A result in Georgia or Nevada could decide the election

Georgia-election-county-polls-2020-reuters Employees of the Fulton County Board of Registration and Elections process ballots in Atlanta, Georgia U.S., November 4, 2020 | REUTERS/Brandon Bell TPX

As the United States entered Thursday morning, there was still no certainty about its next President: Joe Biden was closer to the finish line with 253 electoral votes, while Donald Trump was precariously far but not yet out with 214.

Key electoral college votes from Arizona, Nevada, Alaska, Georgia, North Carolina and Pennsylvania remain at play, with Biden currently ahead in Arizona and Nevada while Trump has the lead in Alaska (where he enjoys a significant lead over Biden), Georgia, North Carolina and Pennsylvania. With Arizona already called for Biden by AP, However, other organisations continue to reserve calling it in Arizona, as Biden's lead has shortened as mail-in votes are counted.

If Biden holds Arizona, he will sit at 264 electoral college votes and need just a single state more to win. This state could be either Georgia, Nevada or Pennsylvania based on current leads and margins, with the margin less than 0.5 per cent in both Georgia and Nevada.

In Pennsylvania, the remaining votes being counted are expected to be from mostly Democratic counties and could favour Biden, whose gap with Trump in the state has dropped from over 11 points to just under 2 as of Thursday morning. Trump's latest tweet claimed he was enjoying a "big" legal win in Pennsylvania.

At 10.30am ET, Georgia’s Secretary of State made an announcement about the status of votes being counted: With a little over 60,000 ballots still to be counted, 11,200 are from Fulton County,which includes most of Atlanta. A mostly Democratic region, votes from this region will further chip away at Trump's lead in Georgia. Georgia voted Trump in in 2016, after two terms of voting for a Democrat.

Just shortly earlier, another tweet by Trump was hidden by Twitter as he renewed his attack on the counting of votes after Election Day, tweeting in all-caps, “ANY VOTE THAT CAME IN AFTER ELECTION DAY WILL NOT BE COUNTED!”. 40 minutes prior, Trump had tweeted “STOP THE COUNT!”.

Biden has adamantly called for “every vote to be counted”. Indeed, votes are never entirely counted on Election Day, as mail-in votes and absentee votes, including those by members of the armed forces stationed overseas, can come days and even weeks after the election.

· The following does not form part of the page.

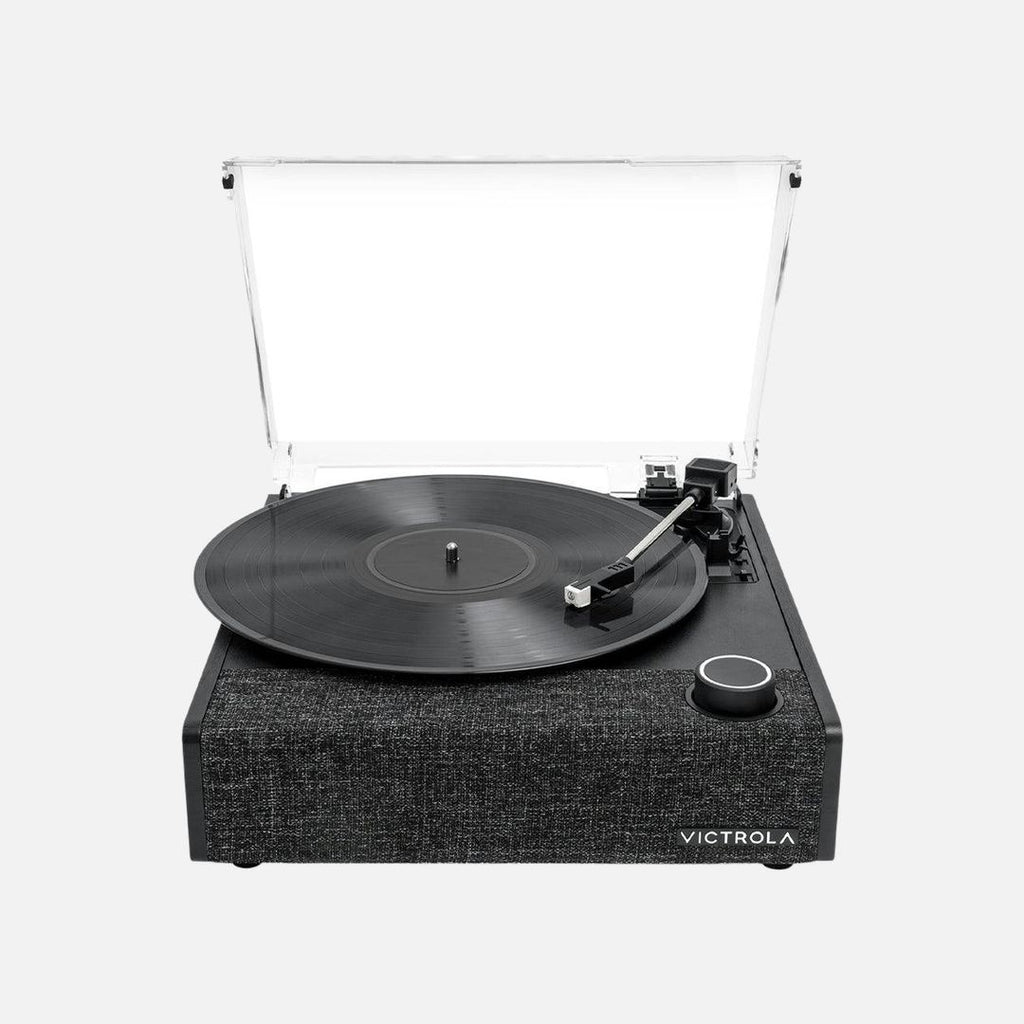 Victrola Eastwood II Turntable - Black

While it is common for a candidate to concede in the period around Election Day, the actual President is not chosen until the Electoral College meets in December.

61,367 ballots are currently outstanding in Georgia, where Trump was over 18,000 votes ahead of Biden in the morning. That gives him 49.6 per cent of votes against Biden’s 49.2, with 96 per cent of votes already counted. More votes are to be counted in the state, including provisional votes, votes by members of the military, and absentee ballots that were missing or signature or were rejected for other issues, the deadline for which to count is on Friday evening.

Trump’s campaign is expected to announce a lawsuit alleging voter fraud in Nevada, CNBC reported a source as saying.